Example: AND gate vs OR gate
Consider a hypothetical circuit of three components A, B, and C that are connected with an AND or an OR gate. They are embedded in a much larger network, and of the three just C is connected to the output. We run an experiment where we patch all components using the denoising or noising technique.
AND circuit: C = A AND B
- Denoising (clean → corrupt patching): Denoising either A or B has no effect on the output, only denoising C restores the output. This is because denoising A still leaves B at the corrupted (incorrect) baseline, and vice versa. Denoising found only one of the circuit components.
- Noising (corrupt → clean patching): Noising either A or B has an effect, as well as noising C.
Noising works better in this case, as it finds all circuit components in the first pass.
OR circuit: C = A OR B
- Denoising (clean → corrupt patching): Denoising either A or B has an effect, as well as denoising C.
- Noising (corrupt → clean patching): Noising either A or B has no effect on the output, only denoising C restores the output. This is because noising A still leaves B at the clean (correct) baseline, and vice versa. Denoising found only one of the circuit components.
Denoising works better in this case, as it finds all circuit components in the first pass.
These AND and OR structures can appear in real-world transformers as serial-dependent components (e.g. a later attention head depending on an earlier one) or parallel components (such as redundant backup attention heads).
Comparison to ablations & other patching techniques
There are activation patching techniques based on a single prompt. The original Causal Tracing (ROME) falls into this category, and also zero- and mean-ablation can be seen as patching techniques.
- Zero ablation: Overwrite (“ablate”) the targeted activations with zeros and observe ablating which component breaks the model behaviour.
- Mean ablation: Same as above but overwrite targeted activations with their dataset mean value rather than zero. This is slightly more principled than zero ablating since there is no special meaning to activations being zero.

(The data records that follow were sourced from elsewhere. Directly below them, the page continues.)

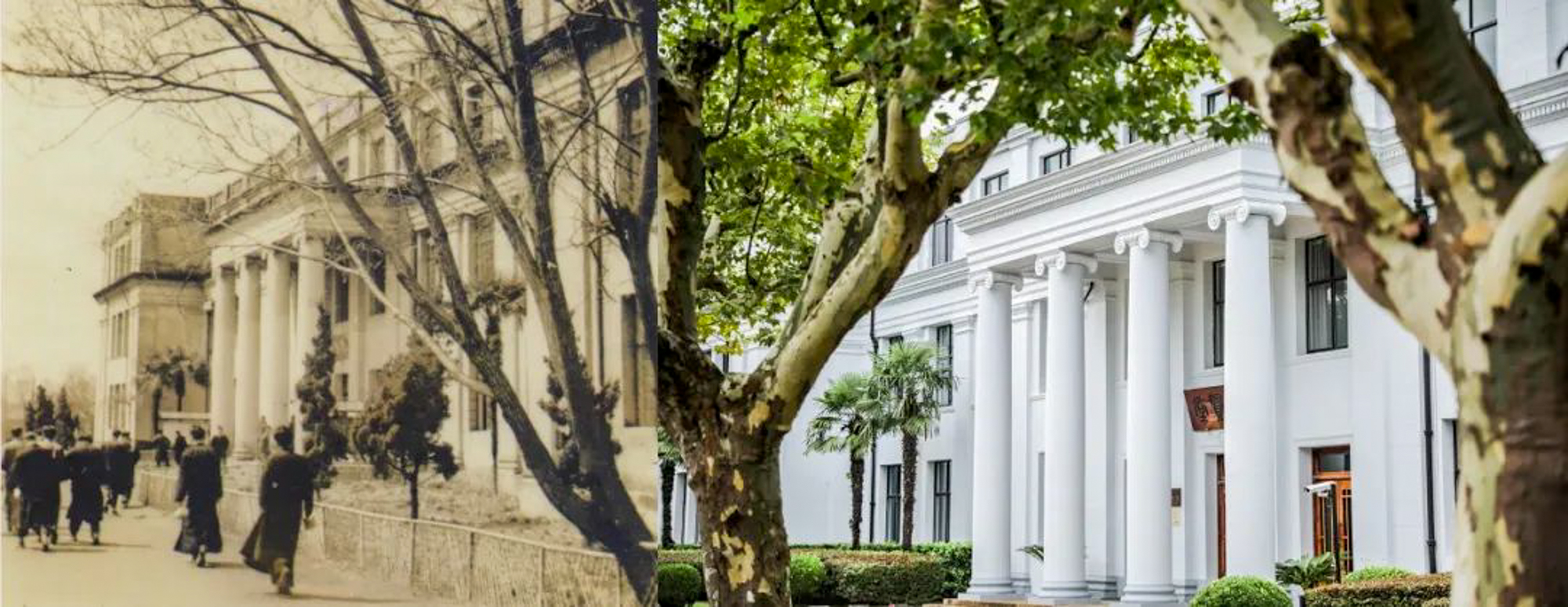 /images/article/202405/202405121622041518.jpg /images/article/202405/202405121622041518.jpg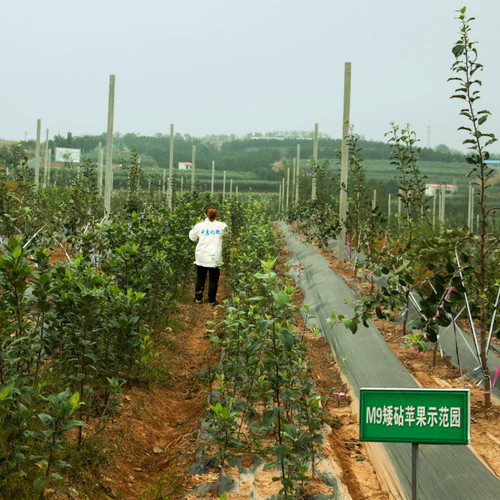 烟台矮化苹果苗木基地图片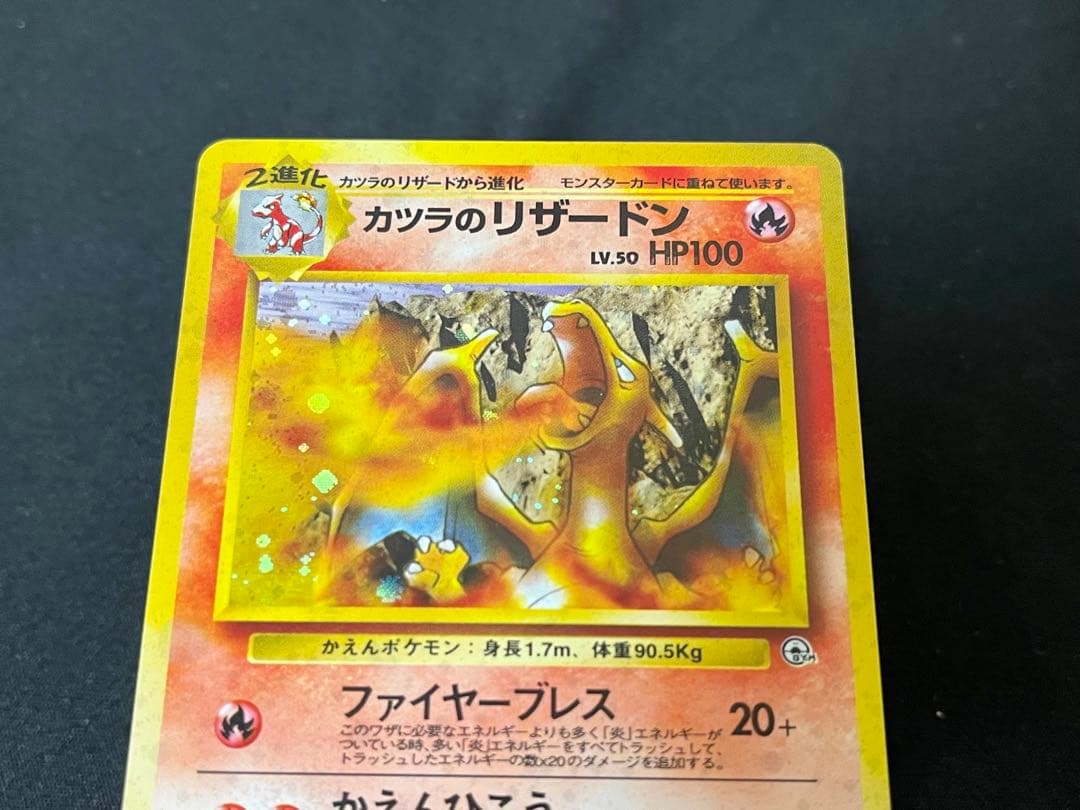 中*迎様 カツラのリザードン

- Gaussian noise patching (also called Causal Tracing*): This is a clean → corrupt patching variant that uses as its corrupt run input the embeddings of the clean prompt with added Gaussian noise. The idea is to thereby automatically generate the corrupted “prompt”. It was originally used in ROME (called Causal Tracing there) but has not been used much recently, especially because the corruption can sometimes be ineffective.[1]

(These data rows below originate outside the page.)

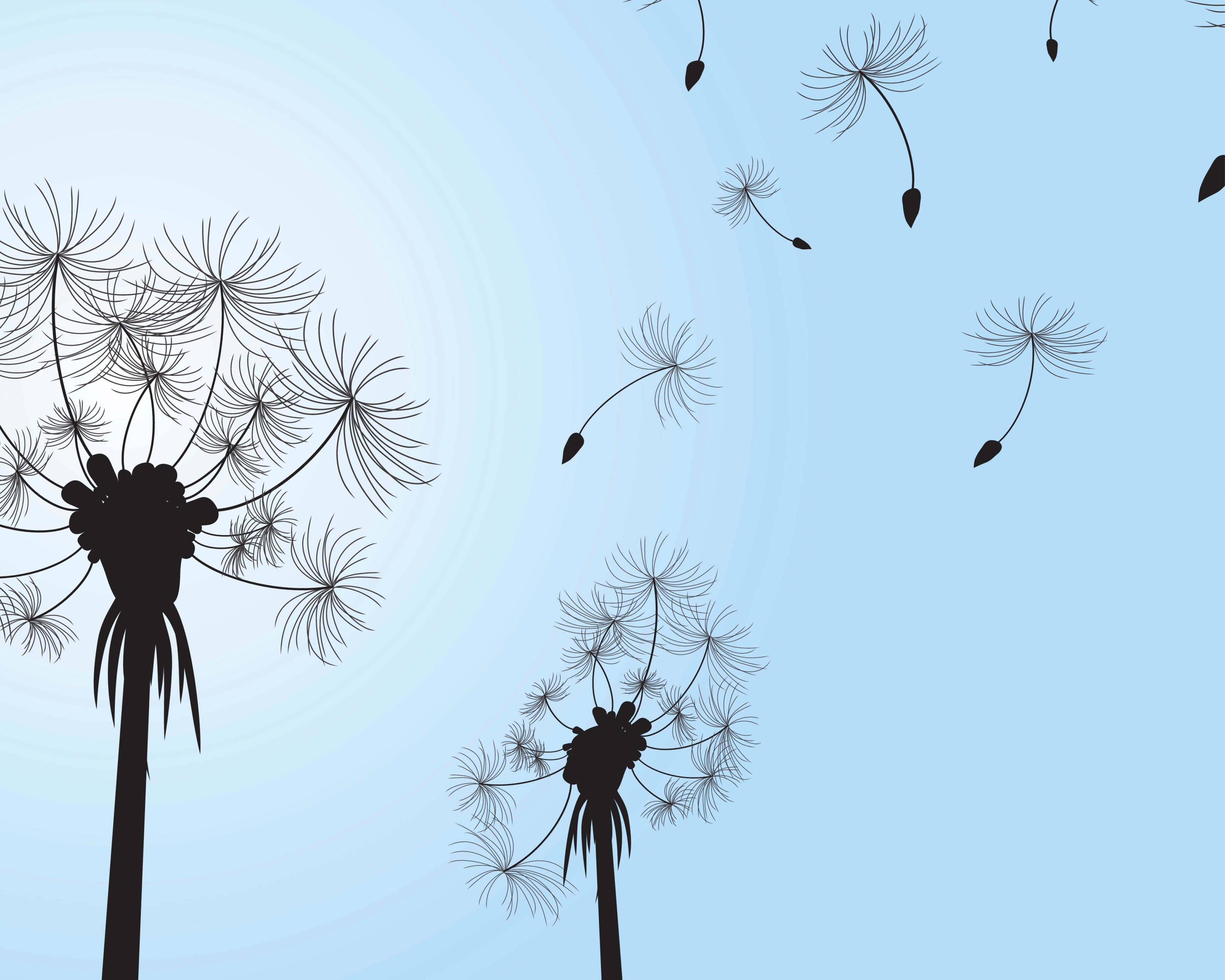 Breezeofwishes-150x150cm.jpg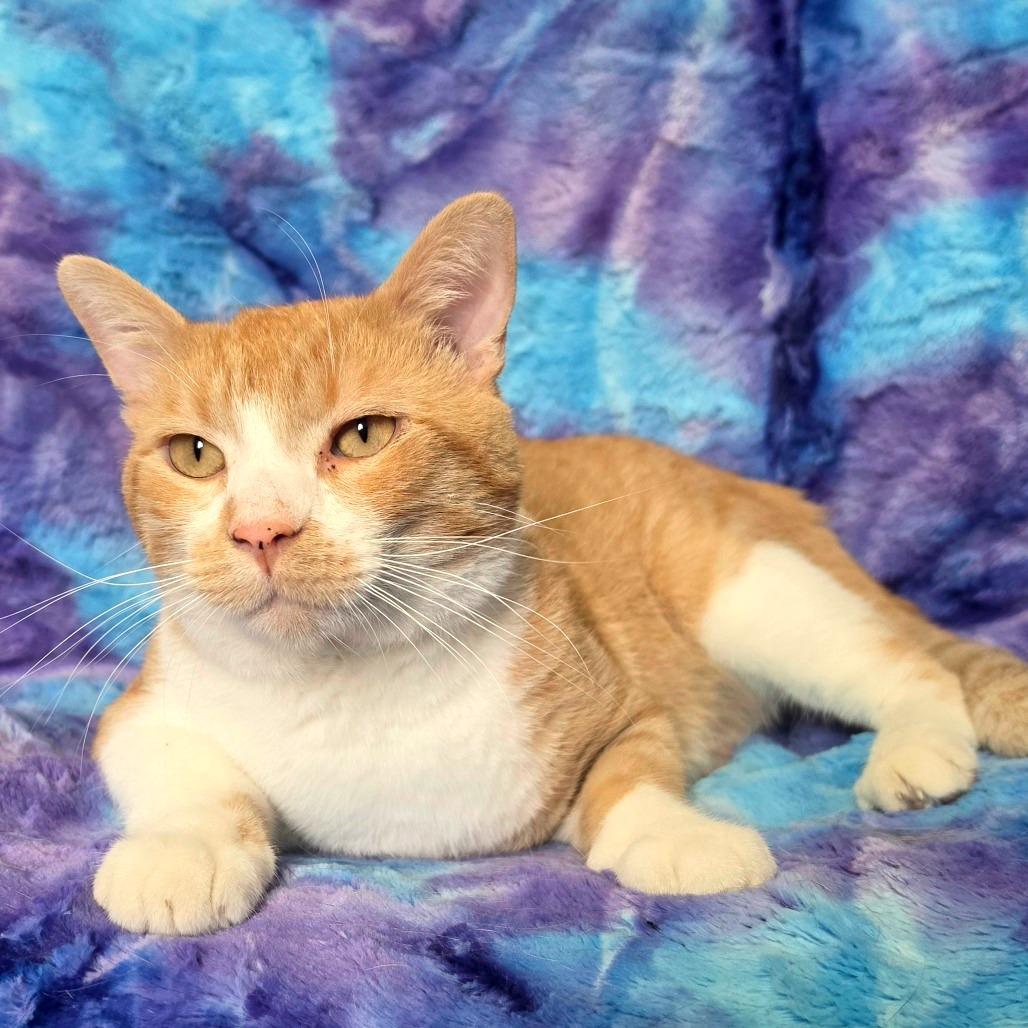 Enlarge Scar, a Adoptable Domestic Medium Hair in Tipton, IA image 2/2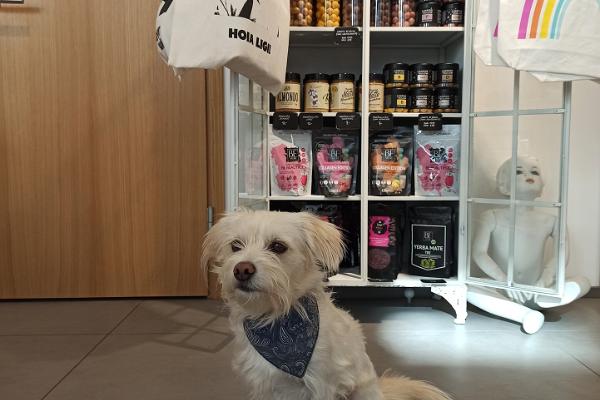 pets allowed husdjur är välkomna pet friendly shop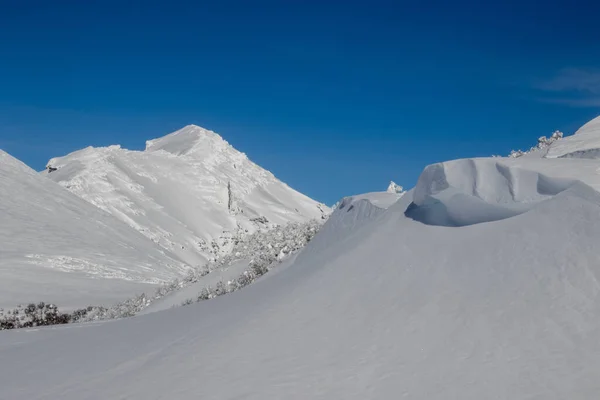 Una Vetta Ricoperta Neve Inverno — Foto Stock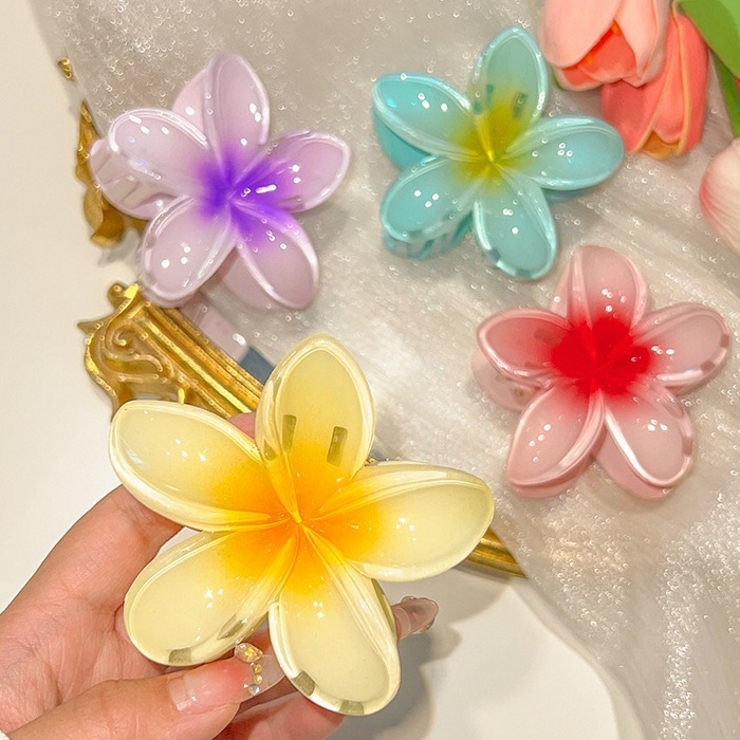 ヘアクリップ バンスクリップ レディース | PlusNao | 詳細画像2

* Causal Tracing has been used to describe ROME-style Gaussian noise patching in particular, but also to describe clean → corrupted patching in general. We recommend avoiding the name to avoid confusion.
Generally we recommend corrupted-prompt-based techniques, noising and denoising. Their advantage is that one can run very precise experiments, editing some features while controlling for others. They allow us to trace the difference between clean and corrupted prompt. To illustrate this consider the prompts “Angela Merkel is the leader of” → “ Germany” vs “Joe Biden is the leader of” → “ America”. Patching will find components that deal with Angela Merkel vs Joe Biden, but not components that would be indifferent to this change, such as the “answer is a country circuit” or the “political leader circuit”. A secondary advantage of noising and denoising is that they tend to bring the model less out-of-distribution than ablation techniques (pointed out here [AF · GW], and in the wider literature).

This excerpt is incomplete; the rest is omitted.